Target’s tech team built a new app called “myCheckout” for associates' handheld devices. Now if shoppers can’t find the item they want on hand in stores, an associate can place an online order from the sales floor and have the purchase shipped to their homes. Employees can use myCheckout to search Target.com for desired products, then take shoppers’ payment on the spot with a credit card reader that’s attached to the handheld device. Shoppers walk away knowing their items are en-route to their doorstep—with free shipping.
Click here for a video of McNamara explaining myCheckout.
Target says it's already done more than 10,000 transactions since it began testing the service in select stores this spring.

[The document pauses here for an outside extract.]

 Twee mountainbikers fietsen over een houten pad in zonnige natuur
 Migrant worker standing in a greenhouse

To improve self-checkout, Target’s tech team developed new, back-end software for the system and a new-look for the front end that’s simpler and more intuitive. Since the new system went live in August, Target says its self-checkout lanes "are running smoother and faster than ever, sending guest satisfaction scores way up."
Target says it has more than doubled Wi-Fi bandwidth to stores. The improvement is due to sweeping upgrades Target just completed to its network infrastructure, including the installation of more than 300 miles of fiber-optic cables to stores and distribution centers.

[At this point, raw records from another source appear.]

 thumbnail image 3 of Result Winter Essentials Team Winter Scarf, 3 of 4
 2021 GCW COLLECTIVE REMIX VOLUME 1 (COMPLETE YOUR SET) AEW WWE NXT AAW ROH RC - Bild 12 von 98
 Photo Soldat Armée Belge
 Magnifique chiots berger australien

The more robust network makes everything from Wi-Fi to checkout registers to employee handheld devices work better, according to the retailer. The overhaul also included a new backup system. When Hurricane Harvey and Hurricane Irma hit Texas, Louisiana and Florida this fall, more than 120 impacted Target locations went onto the backup network, and all but two maintained connectivity throughout the storms, according to Target.
Target’s tech team has created custom bots to help tackle store IT issues. As soon as the bots detect a glitch, they immediately begin troubleshooting and putting fixes in place. So far, the tech team estimates this automation has saved 1,000 store team member hours since it rolled out over September and October.
Target says there will be "plenty of tech advances ahead."